As the first part of the HBO mini-series John Adams showed, the fight for independence was violent, chaotic and fearful for everyone, whether patriot or loyalist.  It wasn’t pretty: a militia-based fight is not the same as battles between professional militaries.  Emissaries like John Adams and Ben Franklin were sent to coax other nations into aiding a new country that couldn’t stand against the British, or even build itself up after the war, all on its own.  All these things, all the minutiae of human suffering it caused, the urgency of the injustice felt, and the sacrifice of lives, investments and family – these things are the price of the freedom we enjoy today.

In the past two years, however, I have also visited both the Vietnam War Memorial in D.C. and the traveling exhibit which, I am happy to say, includes a tribute to fallen soldiers in the conflicts in Afghanistan and Iraq – dog tag-like plaques featuring the names of our most recent war victims.  This is what we are told is “the cost of freedom.”

It seems like most people who visit the Wall, in replica or otherwise, who are from that generation, are thinking and saying the same things: how sad, and what a waste.  Vietnam, history books and those who lived through it have said, was an old man’s war.  And they, at the time, were told that it was necessary.

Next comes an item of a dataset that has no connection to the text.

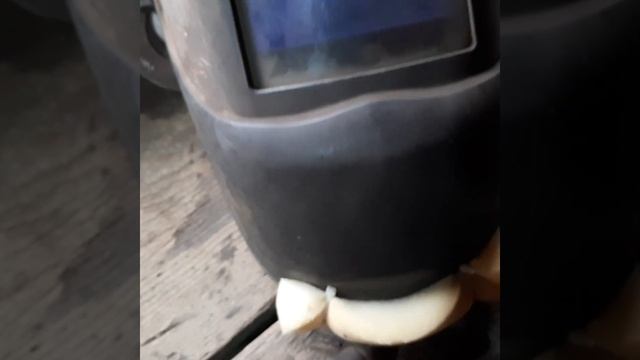 Сварочная маска бьёт по груди?смотри что нужно сделать!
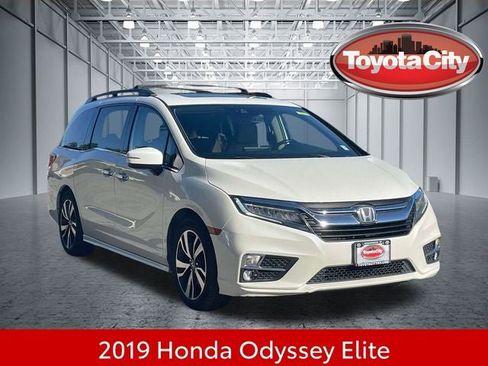 Used 2019 Honda Odyssey Elite image 1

This is the beauty of freedom and independence that so often gets overlooked: it is, in its purest form, the freedom to represent ourselves, to elect our officials without tampering, and to not be told what to do.  Part of that is deciding just what is the cost of freedom, and what is simply too high a price to pay.

My hope is that our generation never forgets that the Founding Fathers have already earned us that right, but that, as our mothers and fathers have shown us, it always needs to be exercised.